マイカーの「指定空気圧を知らない」人が4割?

 自動車タイヤのトラブルが増加しています。JAF(日本自動車連盟)は2019年3月、タイヤのパンク(バースト、空気圧不足を含む)にまつわる年間の救援件数が、2007(平成19)年度から10年間で10万件以上増えていると発表。全出動件数の17%を占めているそうです。

 JAFではその背景のひとつに、セルフ式ガソリンスタンドの増加により、専門知識を持った店員にタイヤ空気圧をチェックしてもらう機会が減ったことを挙げています。JAFが2014年に実施したアンケートでは、マイカーの「指定空気圧を知らない」という人は36%を占め、推奨されている毎月1回の空気圧チェックを行っている人は、14%に満たなかったとのこと。

 また、別の要因としてJATMA(日本自動車タイヤ協会)が挙げるのが、スペアタイヤへの交換方法や、パンク修理キット(おもに電動コンプレッサーと液状の応急修理材のセット)の使い方がわからず、救援依頼が増えているのではないかということです。
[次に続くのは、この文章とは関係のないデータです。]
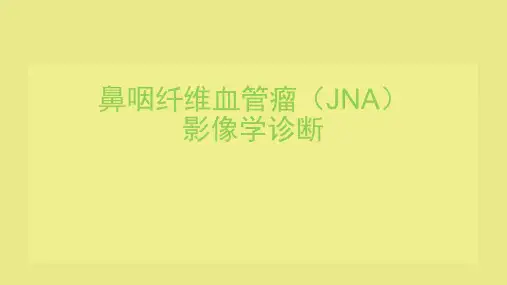 鼻咽纤维血管瘤的影像表现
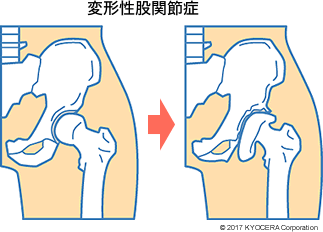 変形性股関節症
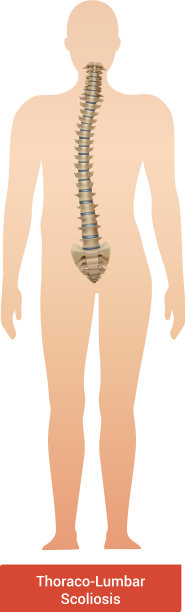 胸腰椎侧凸组成图片下载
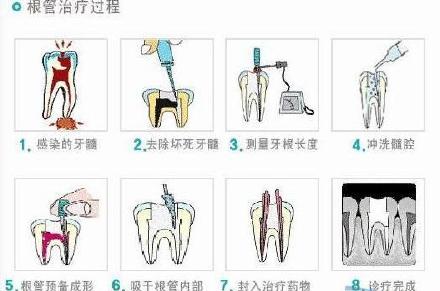 根管治療有什麽(me) 作用
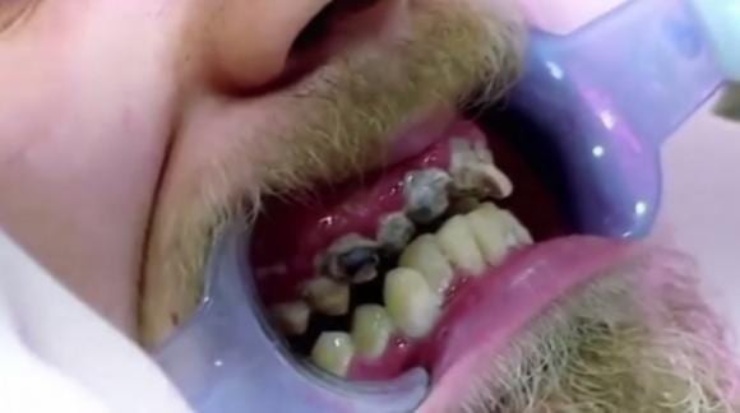 La bocca dell'uomo che non ha lavato i suoi denti per 20 anni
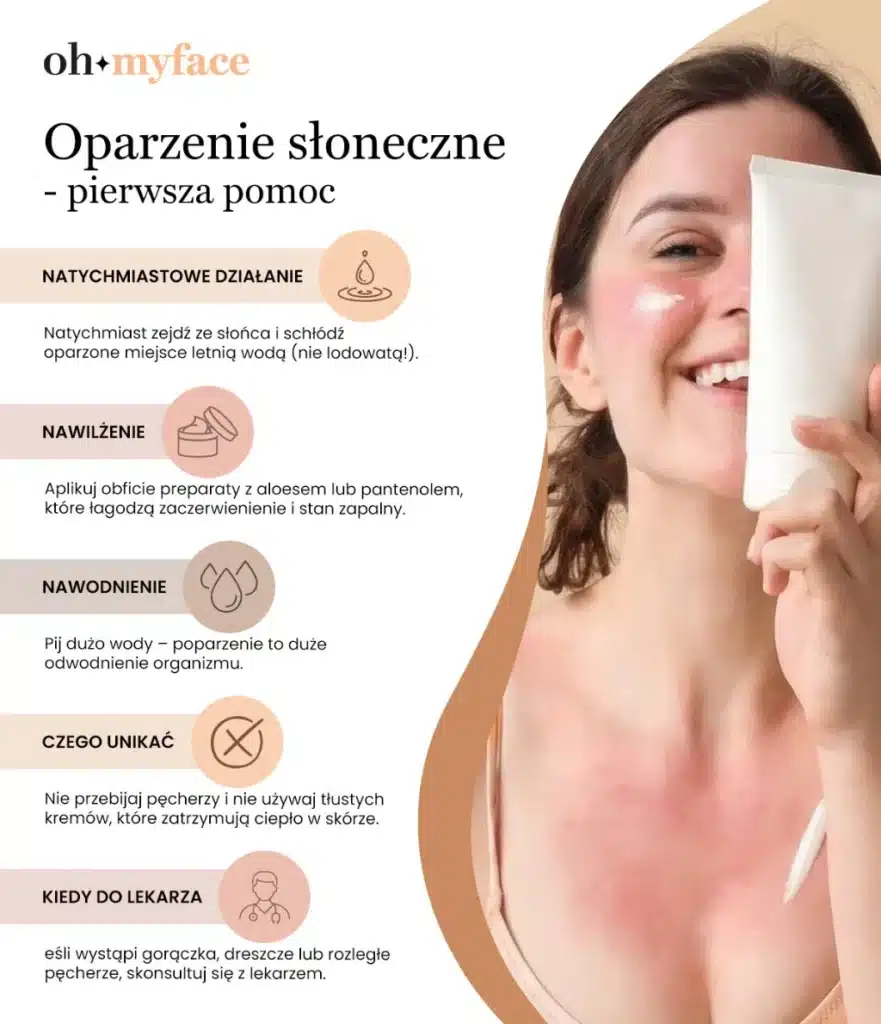 Infografika o pierwszej pomocy przy oparzeniach słonecznych Oh My Face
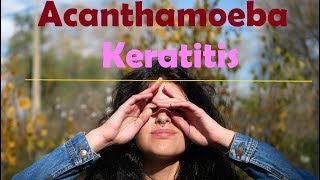 acanthamoeba keratitis English [upl. by Ecyt240]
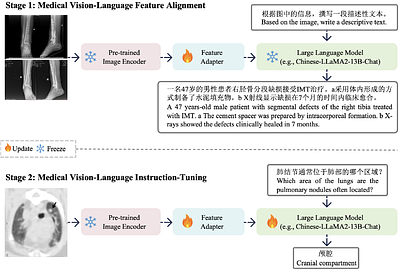 Qilin-Med-VL: Towards Chinese Large Vision-Language Model for General
  Healthcare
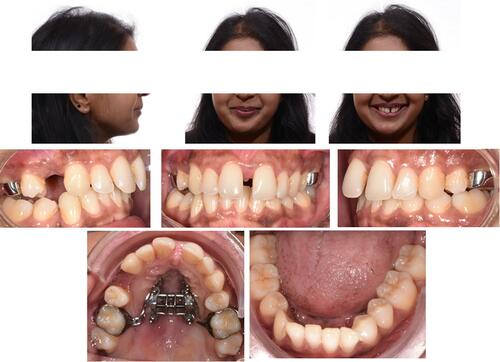 Figure 16 Facial and intraoral pictures after maxillary expansion.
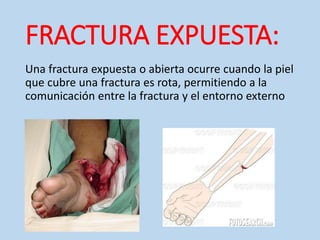 FRACTURA EXPUESTA:
Una fractura expuesta o abierta ocurre cuando la piel
que cubre una fractura es rota, permitiendo a la
comunicación entre la fractura y el entorno externo
 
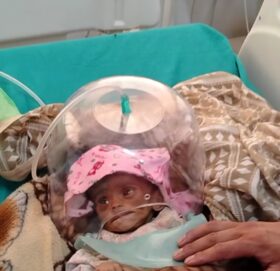 कुपोषणका कारण २ महिने बालिकाकाे अस्पतालमा नै मृत्य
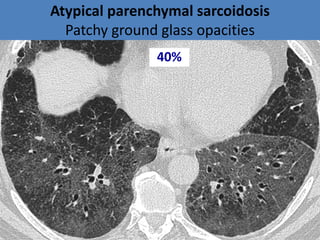 Atypical parenchymal sarcoidosis
Patchy ground glass opacities
40%
 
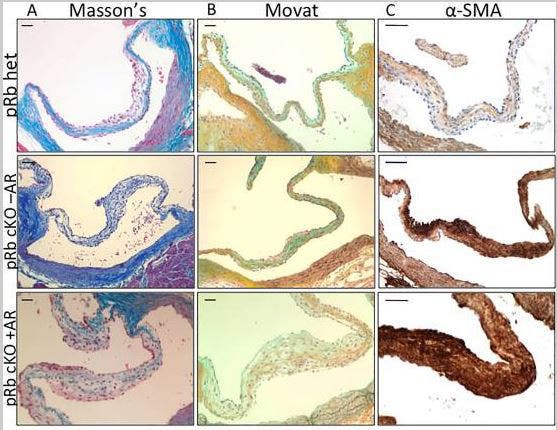 Representative histology of aortic valve leaflets from aged mice demonstrates changes in pRb cKO AoV
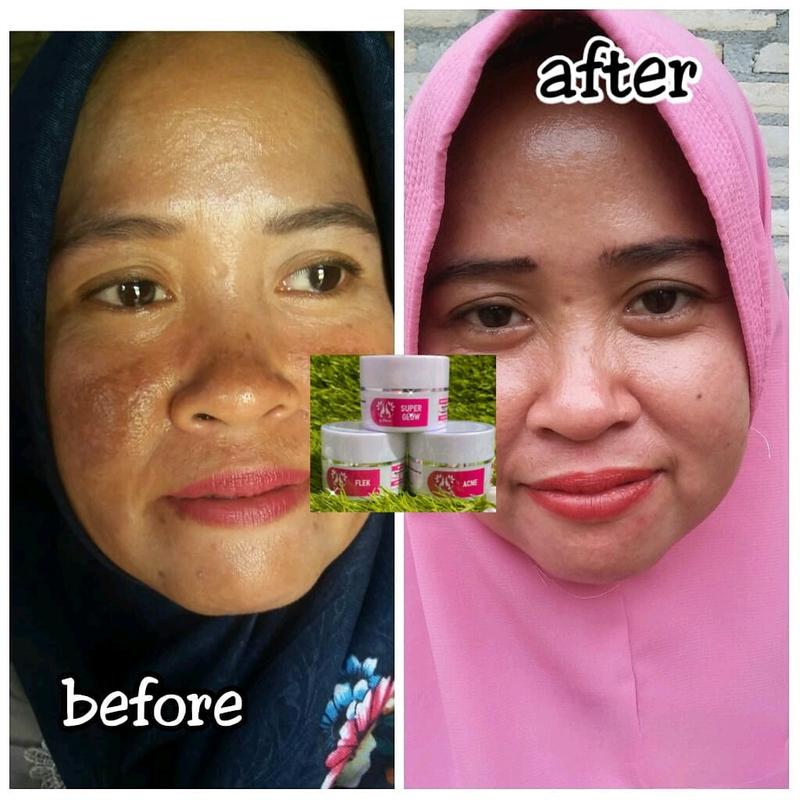 crem flek,glow,acne SPF 30 Semua Jenis Kulit 2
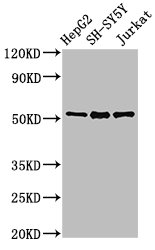 PARK2 / Parkin 2 Antibody - Western Blot Positive WB detected in: HepG2 whole cell lysate, SH-SY5Y whole cell lysate, Jurkat whole cell lysate All lanes: PARK2 antibody at 3µg/ml Secondary Goat polyclonal to rabbit IgG at 1/50000 dilution Predicted band size: 52, 49, 24, 31, 43, 36, 44, 47 kDa Observed band size: 52 kDa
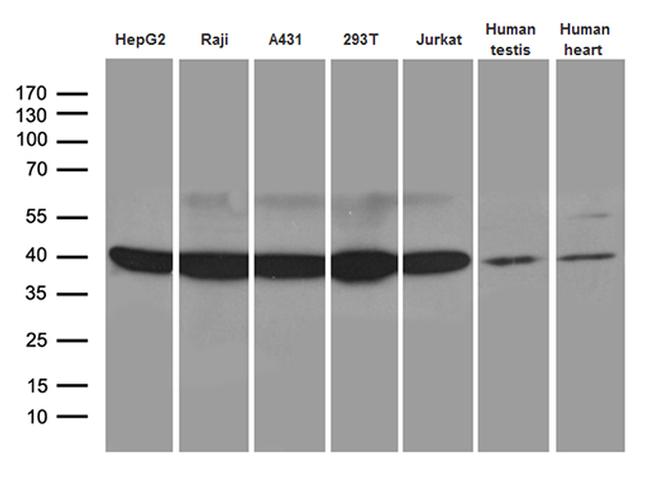 GLRX3 Antibody in Western Blot (WB)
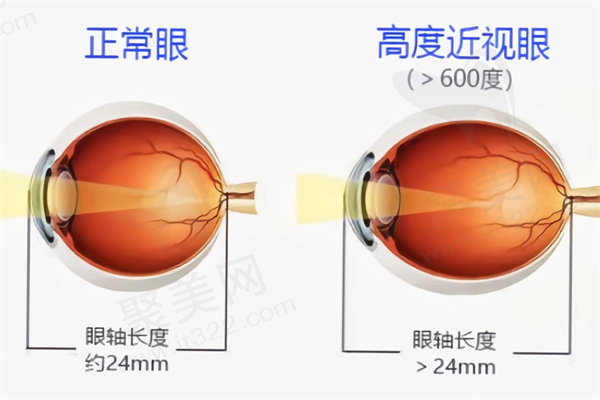 德爱尔眼科医院翁景宁晶体植入手术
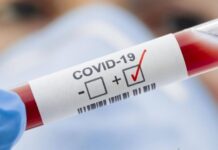 На Вінниччині зареєстровано 330 нових випадків COVID-19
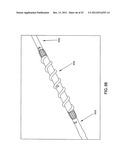 ROTATE-TO-ADVANCE CATHETERIZATION SYSTEM diagram and image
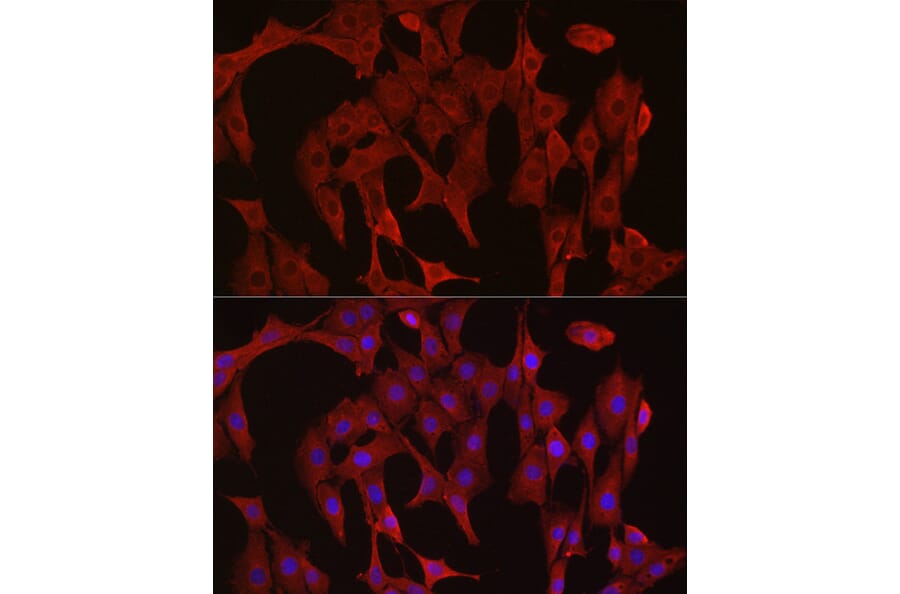 Immunofluorescence - Anti-Caspase-3 Antibody (A12546) - Antibodies.com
 特に後者は2000年代以降、車両の軽量化などを目的としてスペアタイヤの代わりに搭載されるケースが増えていますが、使い方がわからない人が多く、2019年1月には国民生活センターが業界団体に対し、使用方法や注意事項などについての周知を要望していました。ただJATMAによると、こうした路上での応急修理は危険をともなうこともあり、一概に「自分ですべき」といえるものではないといいます。

空気圧不足の燃費悪化は「ガソリン7円高」に匹敵?

 タイヤのパンクにつながりやすい、空気圧不足のまま走行しているクルマが少なくない、という実態もあります。JATMAでは毎年4月、高速道路SA・PAなどで一般のクルマを対象としたタイヤ点検を行っていますが、過去の総点検台数のうち乗用車全体の28.8%、およそ3台に1台が、空気圧不足のまま走行していると分析しています。

「自転車をイメージするとわかりやすいですが、空気圧が充分でないとタイヤがたわみ、走るのが重く感じるでしょう。クルマもそれと同じで、空気圧不足は燃費を悪化させ、重大事故を引き起こす要因になります」(JATMA)

 JATMAによると、タイヤの空気圧が適正値より50kPa(キロパスカル。空気圧表示に用いられる国際単位)低いと、燃費の悪化により、通常より4円から7円ほど高いガソリン(1Lあたり150円で計算した場合)を使用しているのと同等の燃料代になるとのこと。また操縦安定性も低下するほか、タイヤの損傷や劣化にもつながりやすく、危険な事故を引き起こしかねないといいます。

 近年は、タイヤを横から見た際のゴムの厚みが小さい偏平タイヤが増えており、目視ではタイヤのたわみが判別しにくくなっているそうです。「空気が入っている限り、たとえ乗っていなくても、時間が経てば抜けてくることは避けられません。月1回はエアゲージを用いて空気圧をチェックすべきです」とJATMAは話します。